The consolidation of health care: 5 questions to ask

Comcast recently announced it is merging with Time Warner, the 2nd largest cable company in the US. Together, this deal nets Comcast an estimated 57% of the cable subscriber marketplace and heralds a new oligarchy in US media and entertainment. It’s big news for Comcast, but  aren’t as excited.


Because both Comcast and Time Warner have been consistently rated the worst providers of customer service in the cable industry. Now as they grow their consumer base and build unprecedented influence in their field, the concerns are mounting. When choices are limited and quality is poor, what recourse do consumers have to demand more of their providers? And what will drive quality, cost containment, and new product development in a market vacuum where the experience of the consumer is at the periphery of the business? The risk is that, with little competition, consumers may be forced to choose between service and no service and the cost of services and breadth of services provided will be divorced from consumer demand.

No service isn’t such a problem when you are talking about cable.
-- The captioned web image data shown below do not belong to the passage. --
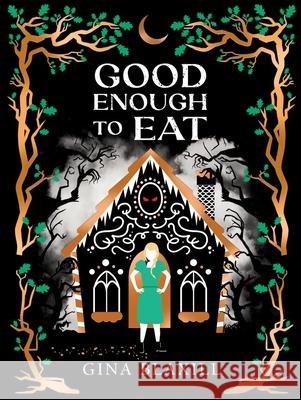 Good Enough to Eat Gina Blaxill 9780702310157 Scholastic
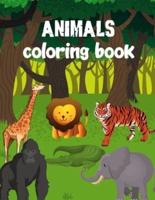 Animals Coloring Book: 40 big, simple animals with text : Ages 2-4, 8.5 x 11 Inches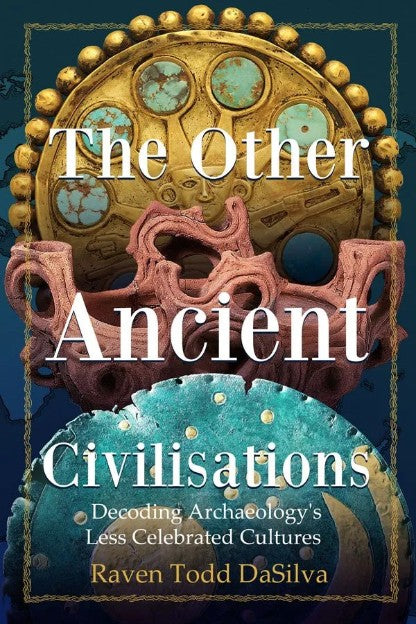 The Other Ancient Civilisations by Raven Todd DaSilva Book Cover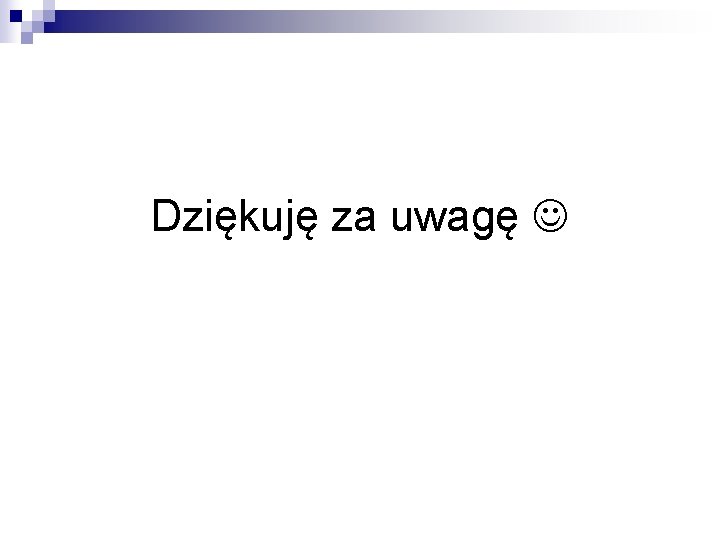 Dziękuję za uwagę Dziękuję za uwagę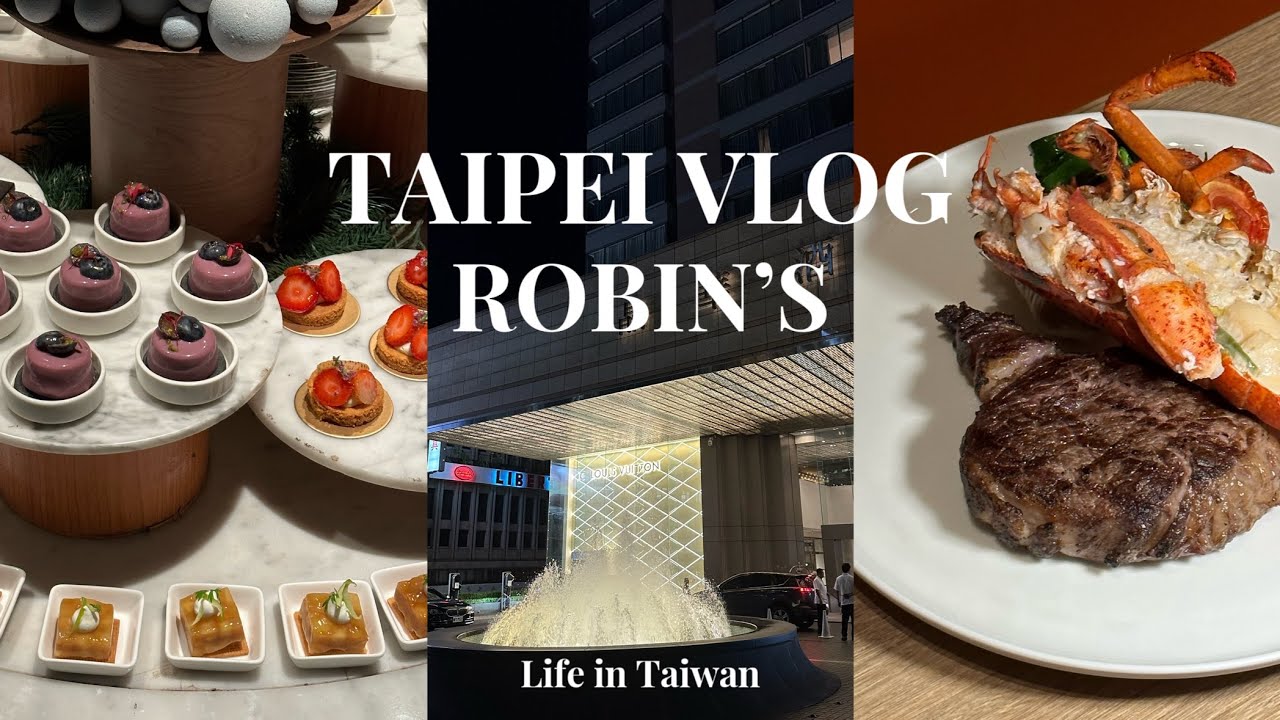 Taipei Vlog｜台北餐廳晶華酒店ROBIN'S 牛排屋 Regent Taipei、必吃約會餐廳、高級自助吧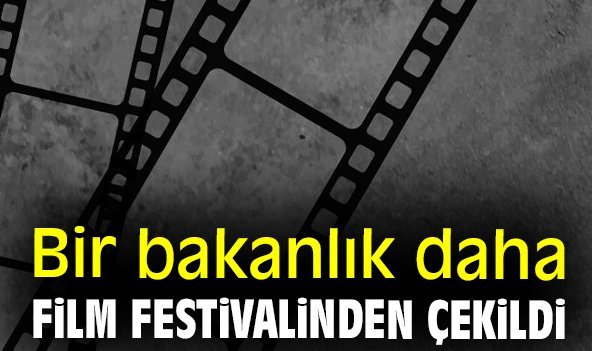 Bir bakanlık daha film festivalinden çekildi
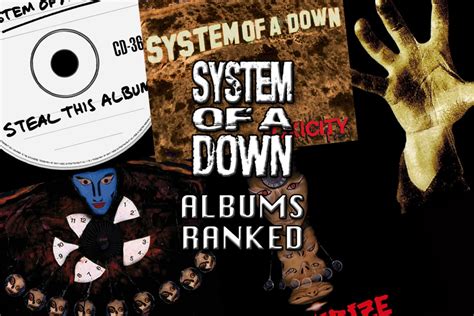 System of a Down Albums Ranked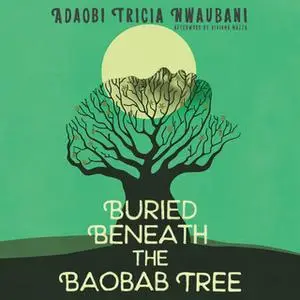 «Buried Beneath the Baobab Tree» by Adaobi Tricia Nwaubani,Viviana Mazza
But did you know the same thing is happening with your health care?

Since 2009, there has been a surge in the number of hospital mergers and acquisitions. The name of the game is market share and across the country, hospitals, clinics, and in some cases even insurance plans and pharmacies, are combining forces to form large conglomerates that will control where, how, and at what price you receive your health care. This is being touted as the future of medicine, an organized system where regional populations receive coordinated care. The question is, will the consolidation of health care networks create a vacuum where patients’ choices are constrained within a narrowing marketplace? To answer that question, you need to know a bit of the back story.

Basically, the Affordable Care Act changes how we pay for (read: how profits are made off of) your health care and hospitals are realigning their relationships with each other and their referring clinics, to vie for your health care dollars. Now, instead of receiving care from independent physician practices and hospitals that contract with local doctors, most Americans will be placed into regional systems where the local physician practice not only works with the hospital, but is in many cases, owned by the hospital. Combined, the hospital and clinic will be given a lump sum of money to be accountable for your care (hence the name “accountable care organizations“). This new payment structure incentivizes collaboration between hospitals and clinics, distributes the costs of managing health and preventing disease across the system, and encourages the appropriate and thoughtful use of limited health care resources.

But despite these obvious advantages, there are some important things to consider as we enter this new oligarchical era in medicine:

1. While it may not be a problem if the hospital that owns your local clinic is down the street, what if it is in another town entirely, and like many working class families, you don’t have the resources to get there? Does regionalizing care create geographic barriers to access?

2. What if the hospital that buys your clinic charges higher prices? What recourse will patients have to ensure their care is affordable when clinics choose sides and the local options for providers dwindle? If this happens, will more patients opt for “no service” because they simply cannot afford the cost of care?

3. What will happen to the county hospital systems that rely on serving insured members of the community to offset the costs for serving those who do not have the ability to pay? Do large conglomerate hospital systems upset the local order by cherry picking insured patients out of the community and, in so doing, threaten the viability of public organizations that care for marginalized populations, including undocumented immigrants, children, and the poor?

4. How will quality be maintained across regions to ensure health equity? Will the quality of health care be higher in regions that serve higher income populations? And in areas with only 1 or 2 health care networks to choose from, particularly in rural America, how will patients’ needs impact quality measures and cost containment standards?

5. With such expansive reach into your health care experience, can a one-size-fits-all model really provide patient-centered care to populations with diverse sets of health care needs and priorities? Can health care conglomerates be too big to succeed?

In the end, the economic climate in medicine has changed and traditional independent physician practices are being forced to state their allegiances or risk extinction. It is the birth of big medicine and it is coming to an area near you. In a lot of ways, that’s good news. Integrated health systems promise to decrease the fragmentation in care delivery, provide continuity of services throughout regions, and build payment structures that may contain costs.

At the same time, building organizations that are too big to compete with and too expansive to be responsive to the ever-changing needs of the American consumer, risks alienating important populations from our health system, including children and the poor. The goal is to create organized models of care delivery, in which the sum of the whole is greater (read: more cost effective) than its individual parts.

As the business of medicine informs the practice of medicine in important and meaningful ways, the patient experience must remain at the center of the care we provide. Ultimately, it is patients and not profits that must be our impetus for change and our litmus for success.